During the proposal period, Crowther and Walden had already done some very crucial work,
with amazing results. First, they had found a way to make adaptive routing work efficiently. They had also discovered that they could make the system run much faster than anyone imagined. Observers said their code wouldn’t work; Crowther and Walden knew it would. In writing the “kernel” of their program (“the very small part that is the only thing that matters,” as Crowther put it), they had discovered how few commands would actually be needed in a software program to pull packets into the IMP, figure out where to send them, and push them out on the next line.

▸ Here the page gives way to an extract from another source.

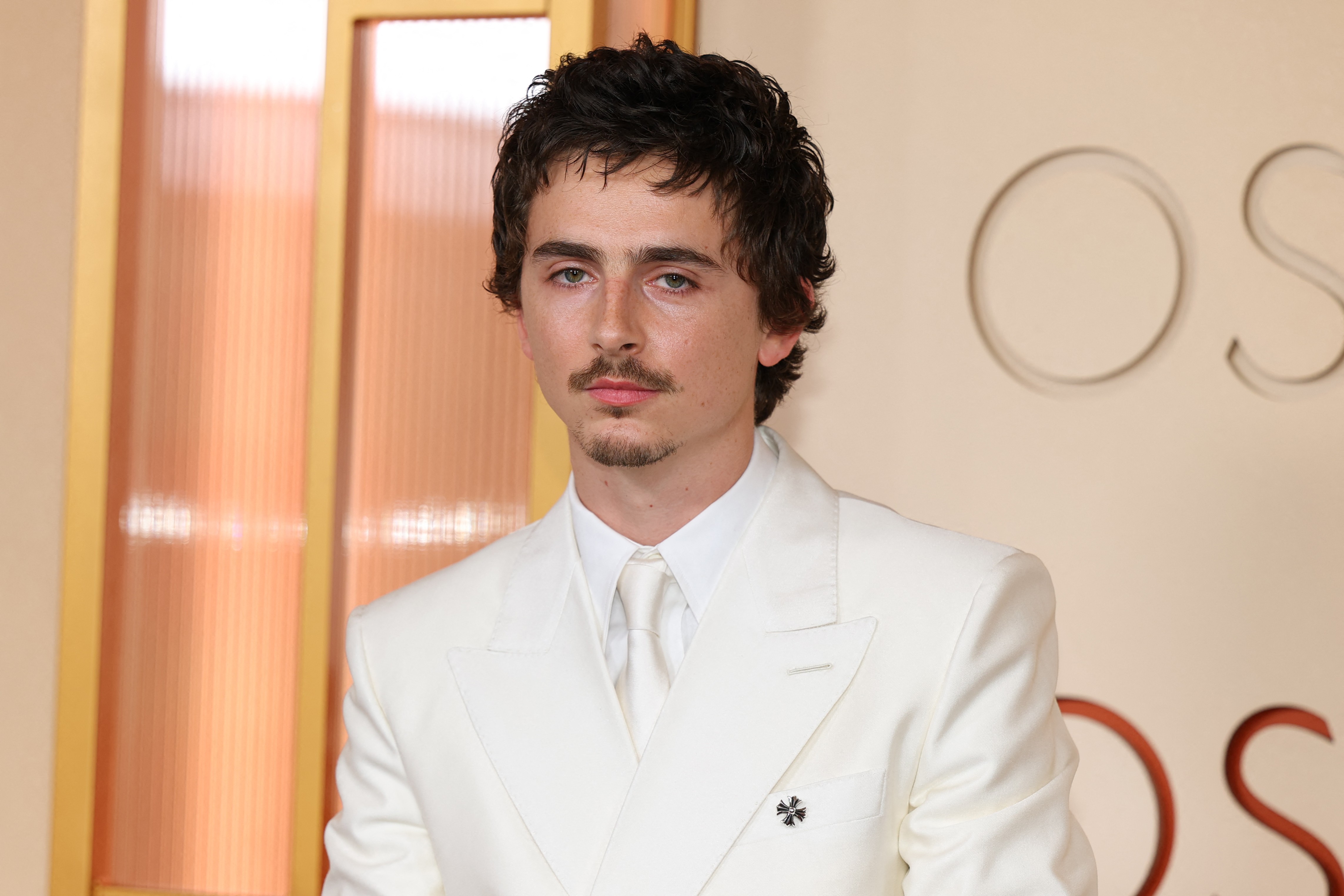 Foto não mostra Timothée Chalamet caindo no Oscar; imagem é de 2011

Crowther and Walden quickly worked out the critical algorithms—the basic rules for solving the packet-processing and routing problems. That had lead them to the determination that it would take only one hundred fifty lines of code to process a packet through one of the IMPs. But without a real machine to test it on, running the code would have to wait. Nonetheless, they had a good feeling the IMP would work.
A key task that Heart worried about, but didn’t have to handle, was the subcontract with AT&T. It was Larry Roberts’s responsibility to arrange for the 50-kilobit lines (able to transmit about two pages of text per second) into each host site by the date the IMPs were ready. Roberts turned the job over to another Pentagon agency, now working with AT&T on the terms for the installation and leasing of the proper lines, modems, and other communications gear necessary to form links in the network. The physical connection from the IMPs to the local telephone office was to be made by normal telephone wire— two twisted pairs of copper wires wrapped in a cable containing about a thousand other twisted pairs—with special terminating equipment at each end to support the high data rates. The dedicated lines and other equipment were to be in place at the California sites by the time the first IMPs arrived in the fall. Heart knew the telephone company was going to have to scramble to meet its obligations, and he was glad that securing AT&T’s cooperation wasn’t his problem.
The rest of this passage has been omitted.